I don't know how to increase my rank to be honest with you.
0 Replies
 
Craven de Kere
 
  1  
Reply Tue 8 Jun, 2004 01:51 pm
All of those IPs are Google's freshbot. It usually just updates pages that are already indexed and deviates from current index only slightly.

If you wait till the next deepcrawl you might get the deepcrawl bot going deep.

As to increasing your rankings: back links.
0 Replies
 
tthome
 
  1  
Reply Tue 8 Jun, 2004 02:02 pm
Any tips on how to increase backlinks? I've heard of all these link farms, but I've heard to stay away from them too. I want to be legit when I do this and not get blackballed....
0 Replies
 
Craven de Kere
 
  1  
Reply Tue 8 Jun, 2004 02:18 pm
Well, the only pure white technique is to sit back and let it happen itself. People are supposed to be so happy with your site that they start linking to it.

Now getting there is hard to do, most of my own sites gained popularity that way but if not I'd have been just as happy.

Here are some things you can do:

1) Get into some of the large directories. dmoz is crucial as it's syndicated to thousands of sites. Getting in there means getting thousands of backlinks. Looksmart is another famous one but you might have to pay for it (Yahoo is another biggie).

I don't recommend paying unless you know SEO and SEM well otherwise you will be wasting money.

2) If you have an already established site that is indexed add backlinks to your new site.

3) Contact websites and offer link exchanges.

Those are the basic steps for white-hat techniques. Other techniques include hiring someone to develop backlinks for you.

Black-hat techniques involve:

Forum spam (this pisses people off, we combat it well here).

Guestbook spam. This means spamming guestbooks just to add links. This is so common that search engines are starting to ignore guestbook backlinks.

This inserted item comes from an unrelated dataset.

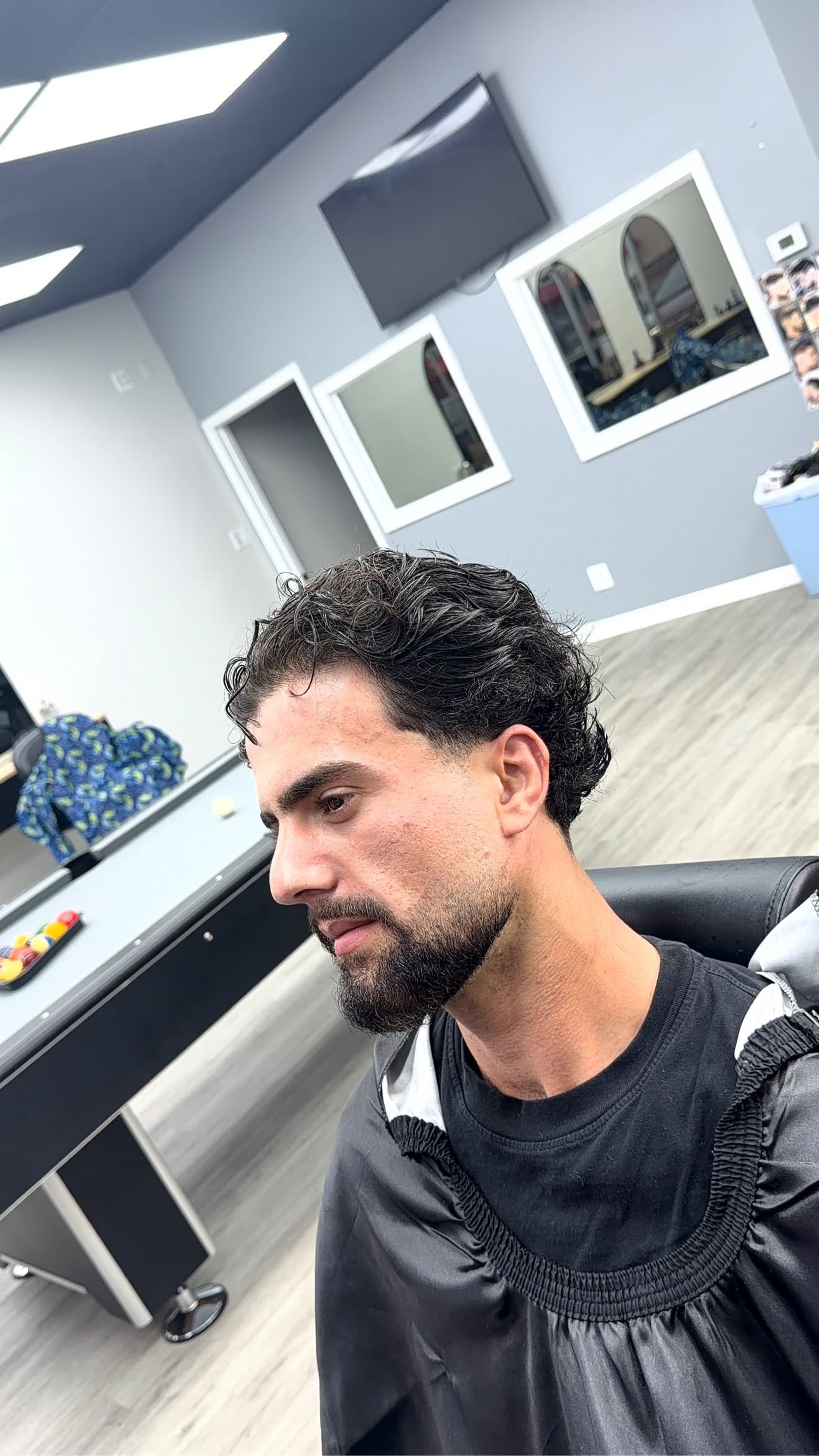 Textured haircut and beard finished by Ray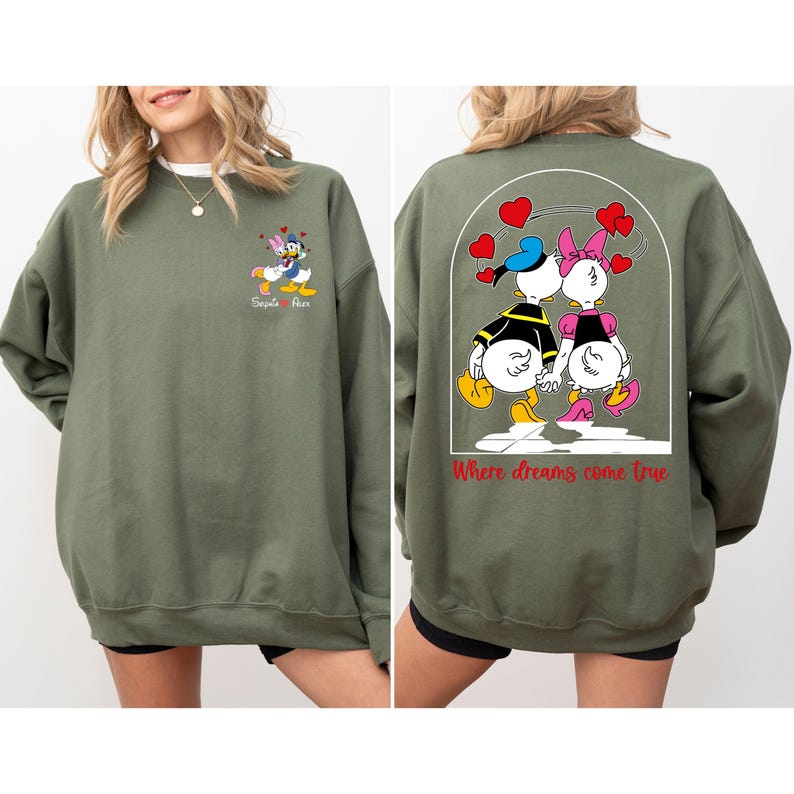May include: A green sweatshirt with a cartoon image of Donald Duck and Daisy Duck on the back. The text "Where dreams come true" is printed below the image. The front of the sweatshirt has a smaller image of Donald Duck and Daisy Duck with the text "Sequoia + Rex".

Referrer spam. This involves sending fake traffic with your site as a referrer to a website that publishes referral traffic. This is a really pointless way of doing it as the logs change. It only works when the spammers use a large scale only possible through automation.

Generating doorway pages. This basically means making a fake network of sites that link to yours. It's not worth the effort.

-----

I recommend that you avoid any but the white hat techniques.

Maybe pay someone to give you a backlink just to get you spidered quick (for e.g. I get my new sites spidered within 7 days by putting backlinks on my other sites). But maybe even this isn't worth it as your initial pages are already indexed.

Google's cache of your forum is a cache before you (or Helena if you hired her) added my mod.

So when Google figures out that it can now index your pages it might go apeshit and deep index you.

My own advice is:

1) Get rid of the flash intro. Using a flash intro is basically to say "search engines, I do not need you. Go away".

Flash intros only make sense for sites that do not need or benefit from search engine traffic (e.g. graphics sites that do not need se traffic).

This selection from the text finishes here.